Las tareas de búsqueda de fallos consisten en comprobar las funciones no evidentes de forma periódica para determinar si ya han fallado. Si no se puede encontrar una tarea de búsqueda de fallos que reduzca el riesgo de fallo a un nivel bajo aceptable, entonces la acción "a falta de" secundaria sería que la pieza debe redise­ñarse. Donde:

-    Una acción que signifique el prevenir un fallo que tiene consecuencias en la seguridad o el medio ambiente merecerá la pena hacerla si reduce el riesgo de ese fallo en sí mismo a un nivel realmente bajo, o si lo suprime por completo. Si no se puede encontrar una tarea que reduzca el riesgo de fallo a un nivel bajo aceptable como hemos comentado, la pieza debe rediseñarse.

-    Si el fallo tiene consecuencias operacionales, sólo merece la pena realizar una tarea preventiva si el coste total de hacerla durante cierto tiempo es menor al coste de las consecuencias operacionales y al coste de la reparación durante el mismo período de tiempo. En otras palabras, la tarea debe justificarse en el terreno económico.

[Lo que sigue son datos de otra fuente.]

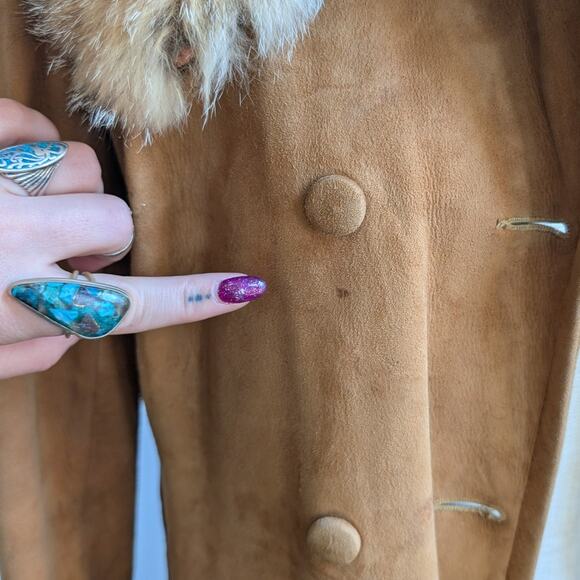 Vintage Brown Suede Fur Trim Penny Lane Jacket Furry Leather Trench Coat Medium - Picture 14 of 16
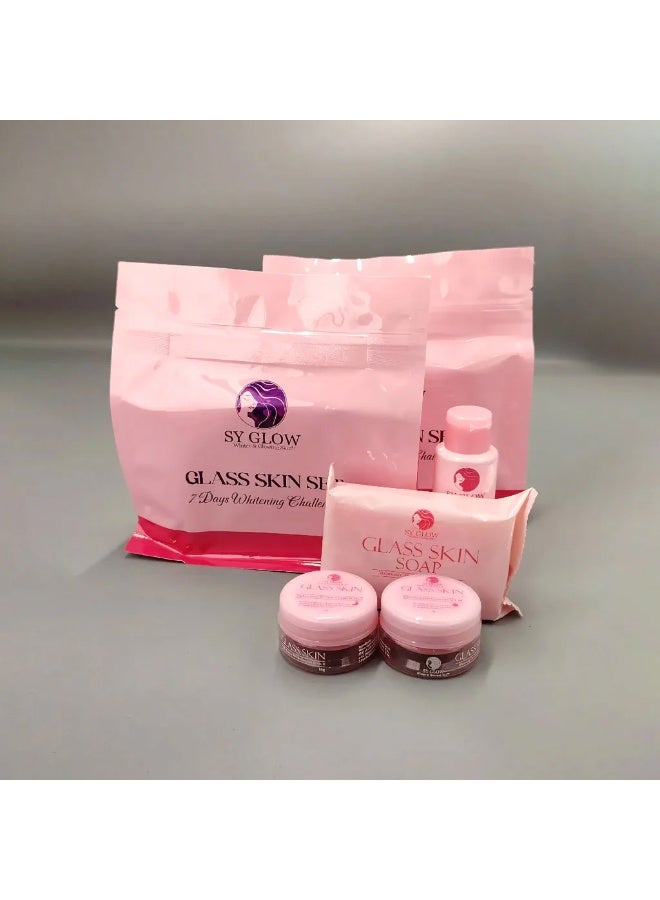 SY Glow Glass Skin Set Complete Beauty Care Kit with Cleansing Soap Facial Cream and Skincare Essentials for Hydrated Smooth Soft Radiant and Glowing Looking Skin - Image 1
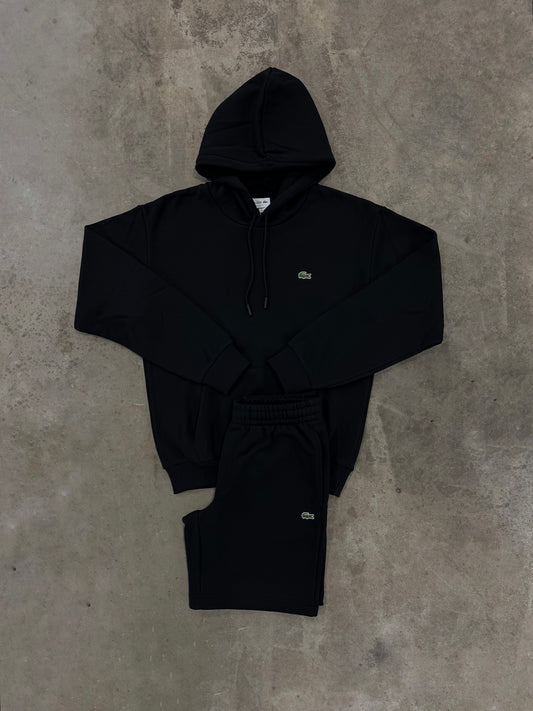 Lacoste Fleece Black Set - Hoodie / Short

Si no es justificable, la decisión "a falta de" será el “ningún mantenimiento preventivo programado” (Si esto ocurre y las consecuencias operacionales no son aceptables todavía, entonces la decisión "a falta de" secundaria sería rediseñar de nuevo).

-    De forma similar, si un fallo no tiene consecuencias operacionales, sólo mere­ce la pena realizar la tarea preventiva si el coste de la misma durante un pe­ríodo de tiempo es menor que el de la reparación durante el mismo período. Por lo tanto estas tareas deben ser justificables en el terreno económico. Si no son justificables, la decisión inicial "a falta de" sería de nuevo el “ningún mantenimiento preventivo”, y si el coste de reparación es demasiado alto, la deci­sión "a falta de" secundaria sería volver a diseñar de nuevo.

Este enfoque gradual de arriba abajo significa que las tareas preventivas sólo se especifican para elementos que las necesitan realmente. Esta característica del RCM normalmente lleva a una reducción significativa en los trabajos rutinarios. También quiere decir que las tareas restantes es más probable que se hagan bien. Combina­do con unas tareas útiles equilibradas llevará a un mantenimiento más efectivo.

Compare esto con el enfoque gradual tradicional de abajo a arriba. Tradicional­mente, los requerimientos del mantenimiento de cada pieza se evaluaban en tér­minos de sus características técnicas reales o supuestas, sin considerar las conse­cuencias del fallo. Los programas resultantes se usaban para todas las máquinas si­milares, sin considerar de nuevo que en diferentes condiciones se aplican conse­cuencias diferentes. Lo que resulta en un gran número de programas que no sirven para nada, no porque sean "equivocados", sino porque no consiguen nada.

Note también que el proceso del RCM considera los requisitos del mantenimiento de cada pieza antes de preguntarse si es necesario volver a considerar el diseño. Se debe a que el ingeniero y técnico de mantenimiento en servicio hoy tiene que mantener la maquinaria como está funcionando hoy, y no como debería estar o puede que esté en el futuro.